Open bahrus opened 1 year ago

bahrus commented 1 year ago

This seems like a great idea. The only concern I have is if there are any security implications? It doesn't seem out of line with other attributes (like specifying the target for a form), but I wonder if this should be an attribute that is stripped from HTML Sanitizing algorithms by default? Or maybe not?

lukewarlow commented 1 year ago

I can't think of how this is introducing any new attack vectors* off the top of my head?

Having said that it's definitely something that'd be good to get more thoughts on.

* Aside from the full screen action which would be a new capability when JS is disabled. That one potentially needs some thought put into it.

lukewarlow commented 1 year ago

https://demo.lukewarlow.dev/fullscreen/ - These two iframes demonstrate a potential new security risk of the fullscreen actions within a sandboxed iframe.

Currently fullscreen API requires javascript so a sandbox without "allow-scripts" won't be able to do go fullscreen. Where as with invoketargets they don't need this.

There's various potential mitigations for this if we want to, ranging from requiring scripts when it's in a sandboxed frame, to blocking these actions within an iframe entirely.

cc @keithamus

lukewarlow commented 1 year ago

"Would these attributes be subject to CSP, sandboxing or specific HTML sanitizer behaviour at all?" - a question raised in the Mozilla I2P.

mfreed7 commented 1 year ago

This is an interesting question, and one that was (kind of) raised for the popover popovertarget attribute: https://github.com/whatwg/html/issues/4633#issuecomment-733785375. The concern there was that the popover feature allowed a declarative way to put content on top of the page, which was previously only possible via javascript (requestFullscreen).
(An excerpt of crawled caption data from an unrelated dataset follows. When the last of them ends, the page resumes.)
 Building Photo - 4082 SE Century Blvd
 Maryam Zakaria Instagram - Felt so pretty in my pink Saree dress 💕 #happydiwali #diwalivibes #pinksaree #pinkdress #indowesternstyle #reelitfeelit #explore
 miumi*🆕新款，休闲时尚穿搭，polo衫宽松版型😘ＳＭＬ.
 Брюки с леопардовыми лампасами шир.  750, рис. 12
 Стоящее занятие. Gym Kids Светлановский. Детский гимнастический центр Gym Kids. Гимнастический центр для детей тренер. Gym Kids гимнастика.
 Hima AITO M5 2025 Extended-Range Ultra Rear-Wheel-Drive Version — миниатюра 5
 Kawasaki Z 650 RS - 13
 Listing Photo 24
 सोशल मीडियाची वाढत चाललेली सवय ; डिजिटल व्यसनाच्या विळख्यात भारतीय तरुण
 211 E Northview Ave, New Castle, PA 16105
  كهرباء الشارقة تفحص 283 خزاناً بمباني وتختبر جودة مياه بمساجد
I'm still not sure "no-JS" implies strong guarantees about rendering or even state changes like expanding or closing a <details> element. If user-provided HTML needs to be rendered, sanitizers must be present and well-configured to strip out anything not explicitly on an allow-list. The new invoketarget and interesttarget attributes should not be on that allow-list. (And if the sanitizer is only using a deny-list, then it's already broken.)

The one place where it does seem like CSP/sandboxing should apply is iframes. But shouldn't existing scripting protections keep someone from connecting an invoker in one frame to an invokee in another frame? That can't be done with idrefs. I don't quite understand the iframe attack vector.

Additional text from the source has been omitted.